=== Collected data ===
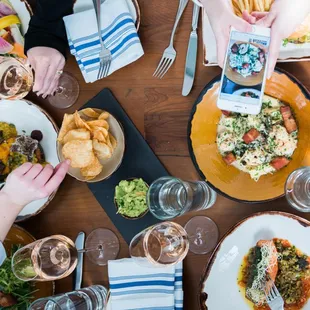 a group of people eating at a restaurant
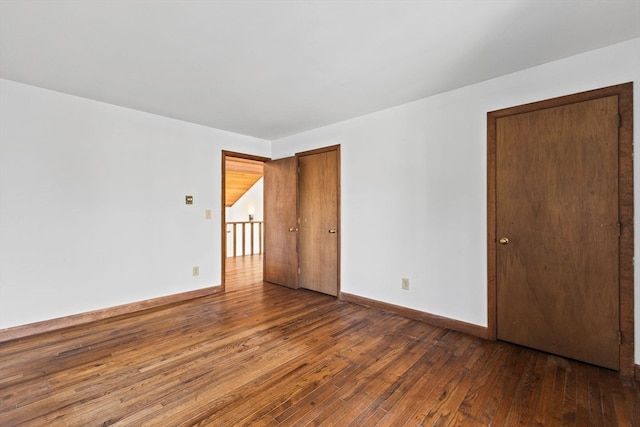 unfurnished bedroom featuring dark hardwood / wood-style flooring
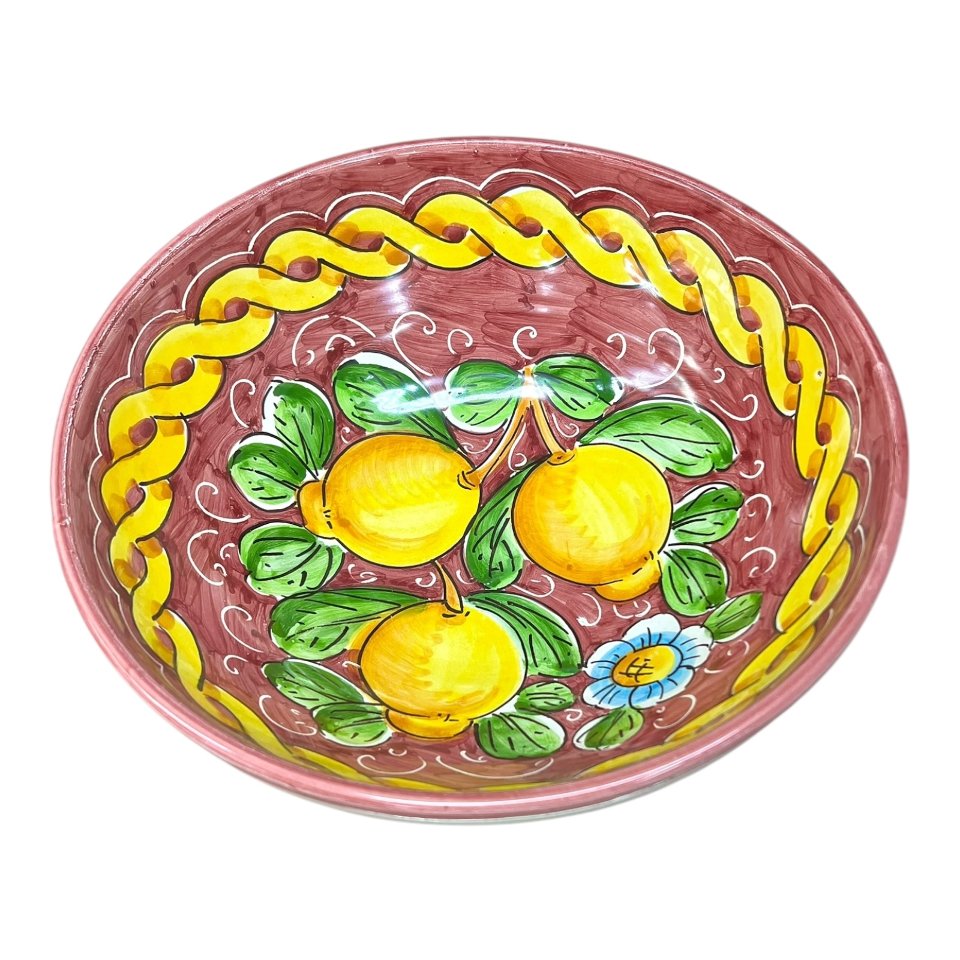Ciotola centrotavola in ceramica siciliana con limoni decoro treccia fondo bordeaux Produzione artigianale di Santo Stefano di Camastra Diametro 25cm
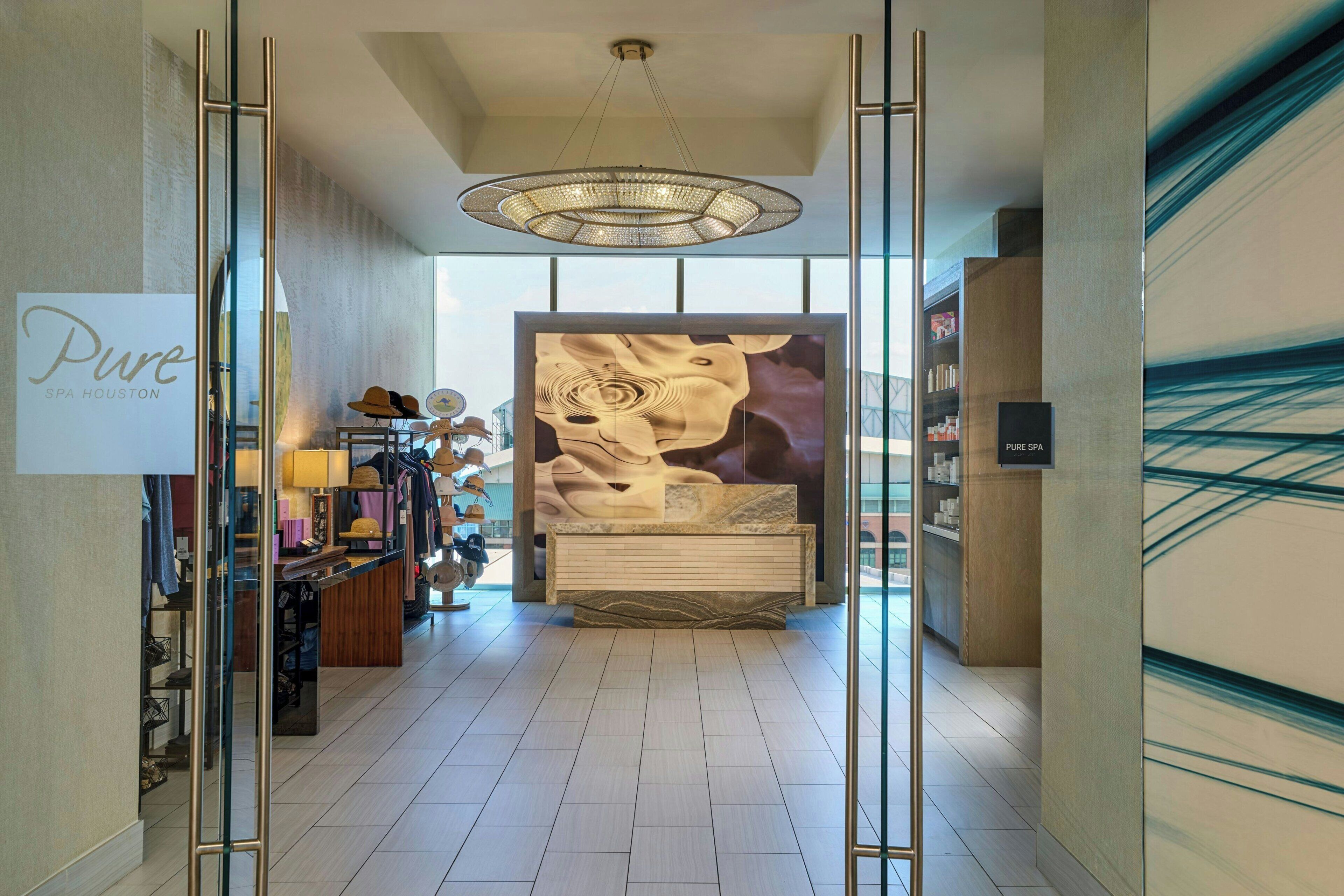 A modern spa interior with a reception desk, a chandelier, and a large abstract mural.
===
Activity: Without including any pictures, reproduce the data exactly.

Exercise result:
 a group of people eating at a restaurant
 unfurnished bedroom featuring dark hardwood / wood-style flooring
Ciotola centrotavola in ceramica siciliana con limoni decoro treccia fondo bordeaux Produzione artigianale di Santo Stefano di Camastra Diametro 25cm
 A modern spa interior with a reception desk, a chandelier, and a large abstract mural.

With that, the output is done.